By Parrott’s analysis, NYC is experiencing the largest gap in unemployment between Black and white New Yorkers this century, including during the Great Recession. Among Black New Yorkers, 7.6% were unemployed in the third quarter of 2023, compared to 3.7% of white residents.

There's more worry in wages: In 2022, the median household income in the city dropped by nearly 7% from 2019, or more than four times the national decline and the largest of any major city.

But for Black and Latino workers, the decline was even worse, according to an analysis of Census data that Parrott published in September.

Overall, the city’s median income was nearly $75,000. For white residents it was more than $106,000; for Black residents it was $58,000; and for Hispanic and Latino residents it was $53,000.

NYC also had the largest increase in poverty of any major U.S. city in 2022, per the analysis.
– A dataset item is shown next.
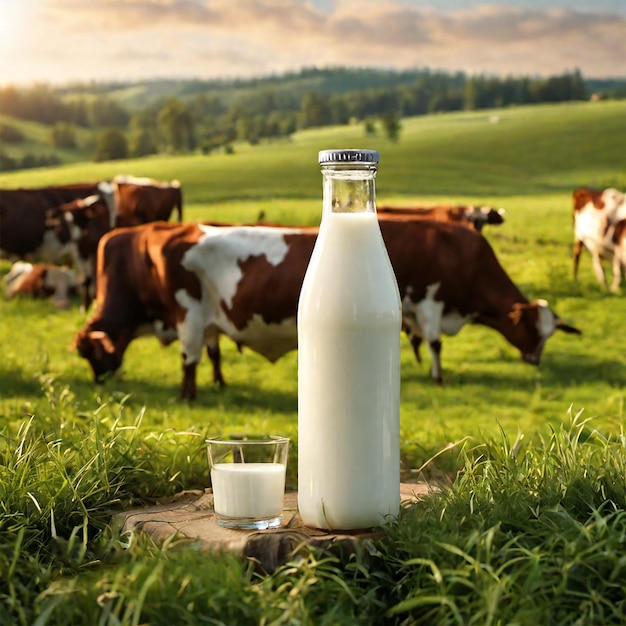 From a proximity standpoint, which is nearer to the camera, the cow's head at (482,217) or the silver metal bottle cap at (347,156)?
the silver metal bottle cap at (347,156)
Poverty rates for Black and Latino New Yorkers — 22.9% and 24.3%, respectively — were also twice as high as those for white New Yorkers, 11.6%.

Parrott says he doesn’t expect any major improvement in 2024.

In particular, the city and state need to do more to help New Yorkers with housing, according to Parrott. But how to pay for it?

Parrott recommends the state release some of its record-high $22 billion budget reserves to the city and provide more assistance for the migrant crisis, as Mayor Eric Adams has requested. In November, Adams announced widespread budget cuts, citing the cost of the migrant crisis, the end of federal pandemic aid and slow tax revenue growth.

The city also needs to raise revenue another way, says Parrott: a tax hike, which the mayor has signaled he’s open to. Parrott recommends a “modest” increase in taxes on New Yorkers in the top tax bracket, noting the city has gone 30 years without an increase in personal income taxes.

Universities including NYU and Columbia should also start paying the city annual fees for their growing real estate portfolios, according to the economist. A state bill introduced in December would revoke the two universities’ longstanding tax-exempt status; Parrot suggests they instead make what are known as "payments in lieu of taxes," which some other jurisdictions have done with large, tax-exempt property holders.

The payments would “help support the city services that they thrive on and that are key to the economic success of those institutions,” Parrott says.

To ensure more equitable gains across the income spectrum, Parrott also says lawmakers should seek targeted wage increases for low-paying jobs mostly held by women, given large racial and gender disparities persist.